风-储孤岛微电网的虚拟同步电机模型预测频率波动抑制

随着我国风力发电系统装机容量的增加，其在电网中的比重也越来越高，高渗透率带来了并网系统频率稳定性问题，对此提出一种虚拟同步电机的多目标预测控制策略。虚拟同步电机控制在频率波动时往往通过设置虚拟旋转方程提供频率支撑，难以达到很好的频率波动抑制效果。为进一步减小频率波动对电网稳定性威胁，考虑到模型预测控制的诸多优点，提出一种基于模型预测控制思想的连续控制集多目标优化方法。该方法利用虚拟同步电机旋转方程建立功率预测模型，可在频率波动情况下预测功率变化。通过设计成本函数和考虑输出约束条件，求解得到最优功率增量，将其用于修改功率指令，使储能电池组在公共接入点处提供更多有功功率，减小系统频率变化。

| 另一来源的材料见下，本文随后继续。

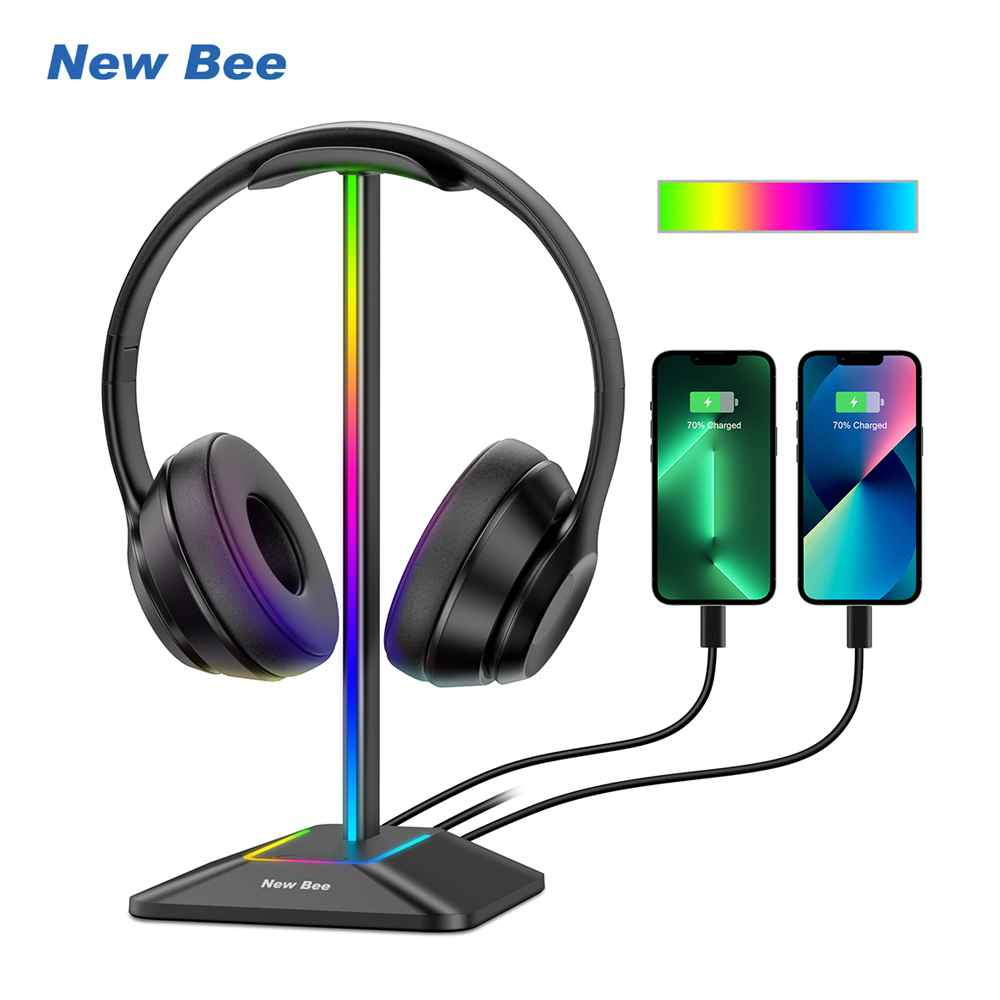 جديد Bee Z8 RGB سماعات حامل حا - مراجعة Gaming Accessories Sale وسعره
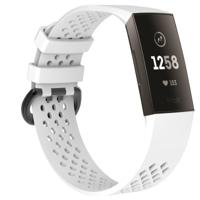 Vierkante gat verstelbare sport polsband voor FITBIT charge 3 (wit)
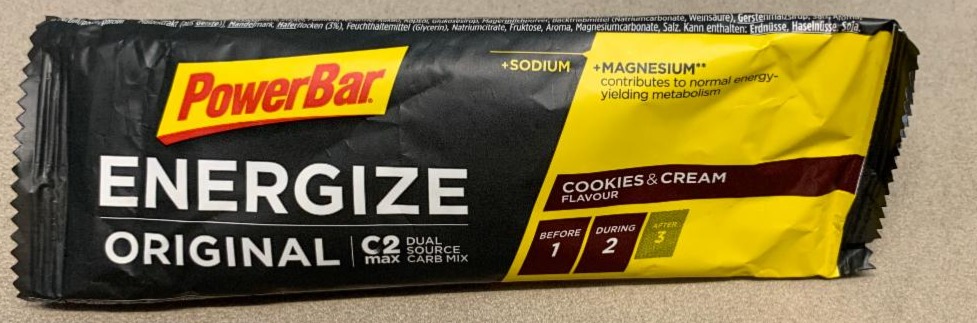 Fotografie - PowerBar Energize Cookies & Cream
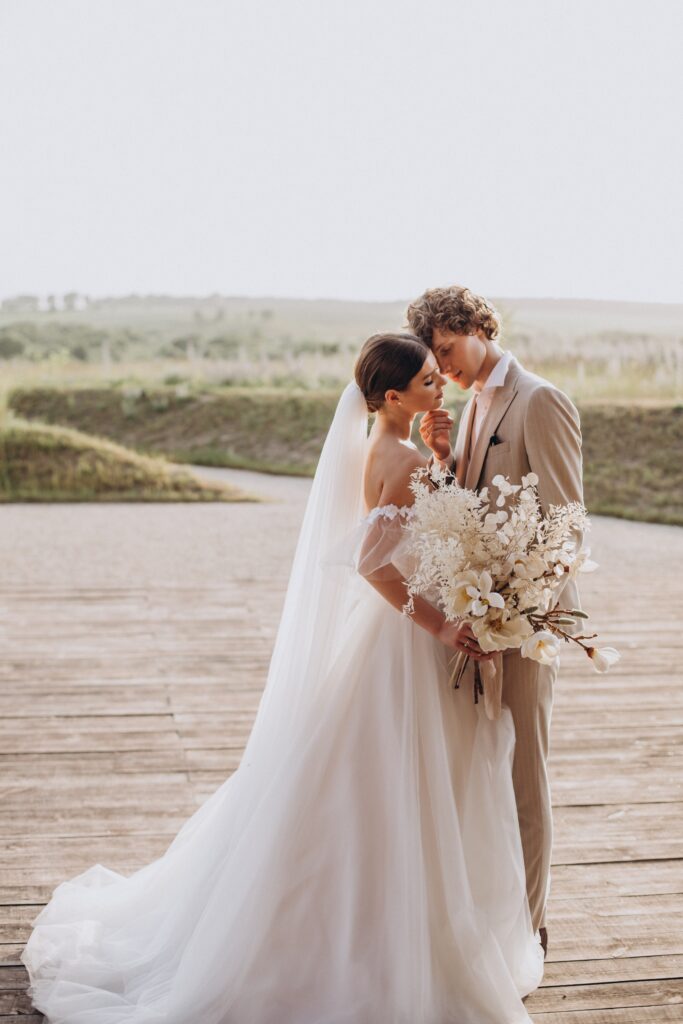 Brautpaar, Hochzeit, Natur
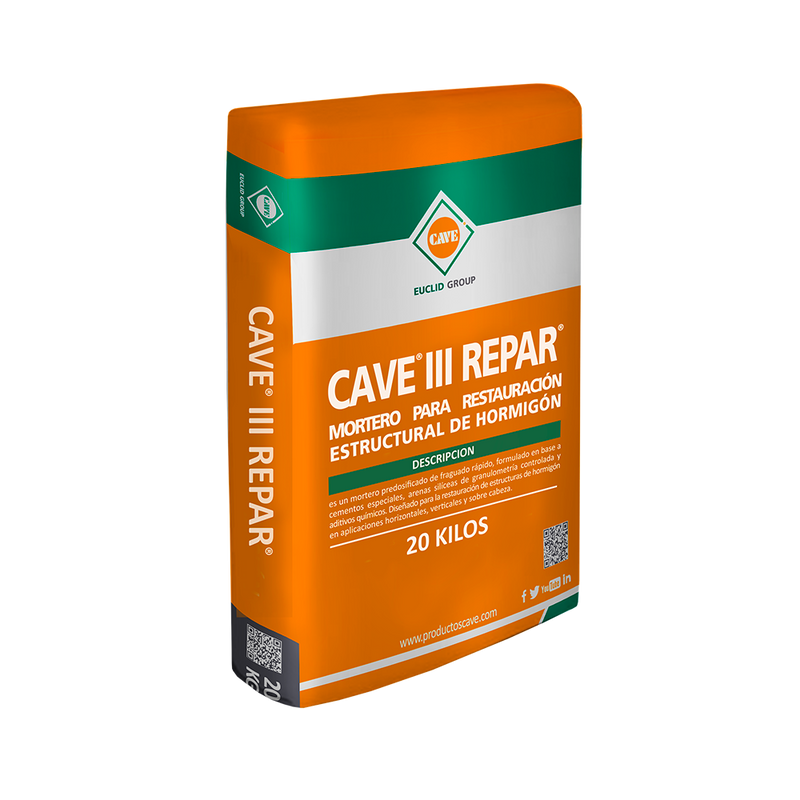 CAVE III REPAR - Estructuración de hormigon Saco 20 kg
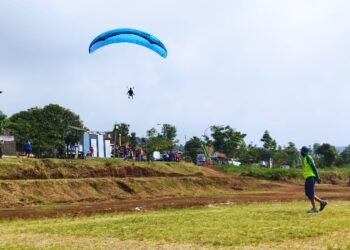 Peserta Balayang Cup tengah landing di Jalibar  (ist)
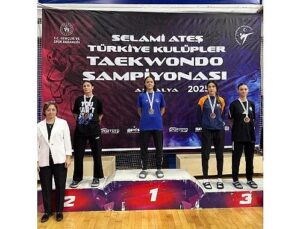 Osmangazili Taekwondocudan Bronz Madalya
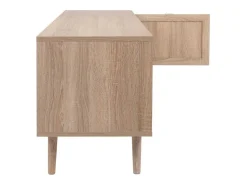 Mueble de TV 2 puertas 150 cm - Impresión efecto ratán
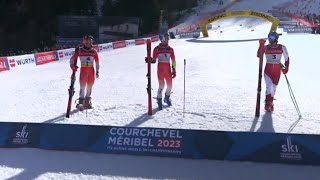 Ski Alpin WM Courchevel Giant Slalom Mens Highlights  Marco Odermatt 🥇amp Loïc Meillard 🥈 [upl. by Htebi]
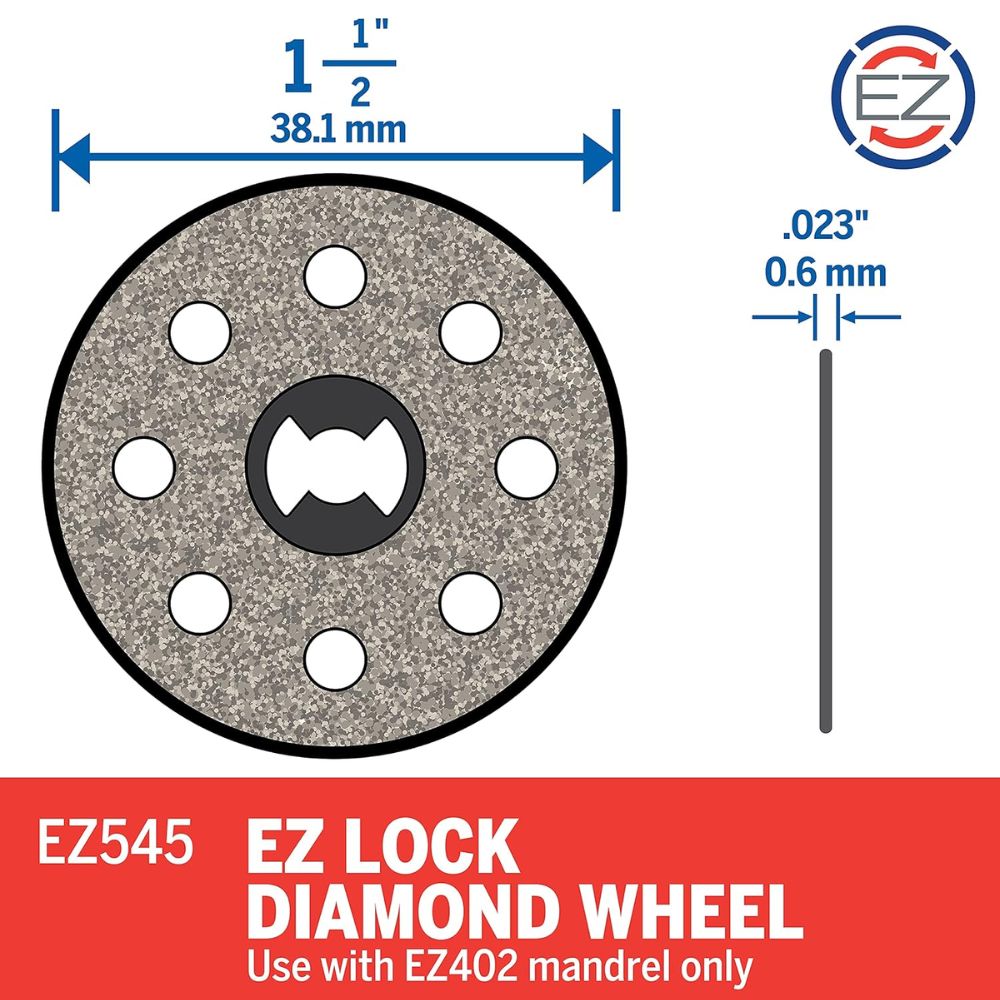 Dremel EZ545 EZ Lock Diamond Wheel - 2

半实物仿真实验证明，该方法可有效降低系统频率波动，提高风-储孤岛微电网系统频率稳定性。

Model predictive control for suppressing frequency fluctuations in virtual synchronous generators for wind-storage island microgrid

With the increasing installed capacity of wind power systems in China,their proportion in the power grid is also growing.However,the high penetration rate of wind power brings about the issue of frequency stability in the grid.To address this,a multi-objective predictive control strategy using virtual synchronous machines (VSMs) is proposed.Currently,VSM control typically provides frequency support by setting virtual rotation equations,but it is difficult to achieve effective suppression of frequency fluctuations.To further reduce the threat of frequency fluctuations to grid stability,this paper proposes a continuous control set multi-objective optimization method based on model predictive control (MPC) principles.This method utilizes the virtual synchronous machine rotation equations to establish a power prediction model,which can predict power changes during frequency fluctuations.By designing a cost function and con-sidering output constraints,the optimal power increment is obtained.This increment is then used to modify the power command,allowing the energy storage battery system to provide more active power at the point of common coupling,thereby reducing system frequency variations.Semi-physical simulation experiments demonstrate that this method effectively reduces system frequency fluctuations and enhances the frequency stability of wind-storage island microgrid systems.